Why tendons are difficult to heal
Tendons and ligaments are largely avascular — they have minimal blood vessel penetration. This limits delivery of oxygen, immune cells, and nutritional building blocks to the injury site, explaining why Achilles tendon ruptures, ACL tears, and rotator cuff injuries often take 6–12 months to fully heal. Any intervention that increases collagen production at the injury site or improves the quality of repair tissue has meaningful clinical implications.
The collagen-vitamin C-loading protocol
Research from Keith Baar’s lab at UC Davis has produced some of the most clinically promising connective tissue nutrition findings in recent years. Their studies show that consuming 15g of gelatin (hydrolyzed collagen) with 50mg of vitamin C approximately 60 minutes before a loading exercise (physical therapy, rehabilitation exercise) significantly increases collagen synthesis in tendons compared to placebo. The mechanism: vitamin C provides the cofactors for collagen assembly, while the loading exercise provides the mechanical signal that directs new collagen production to the injury site.
Food sources vs. supplements
Gelatin can be consumed as bone broth, unflavored gelatin dissolved in liquid, or commercial collagen peptide powders. These are functionally similar in terms of amino acid delivery. Vitamin C is more efficiently provided through food in the pre-session window: a glass of orange juice, a kiwi, or a small portion of bell pepper consumed alongside the collagen source provides the vitamin C cofactor in the right timeframe.

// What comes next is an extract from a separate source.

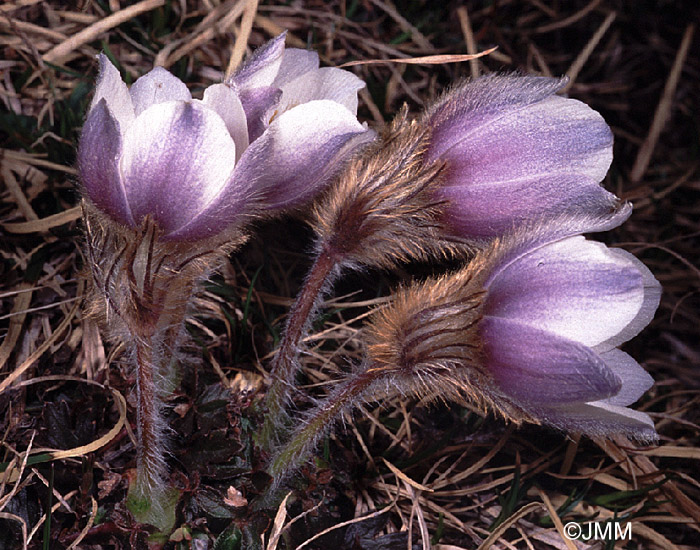 Pulsatilla vernalis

The ongoing protein requirement
The collagen-vitamin C protocol addresses collagen-specific synthesis, but overall tissue repair depends on broad protein adequacy throughout the day. General protein targets of 1.6–2.0g/kg of body weight should be maintained during connective tissue recovery, with the collagen-timing protocol applied specifically around rehabilitation sessions rather than replacing regular protein intake.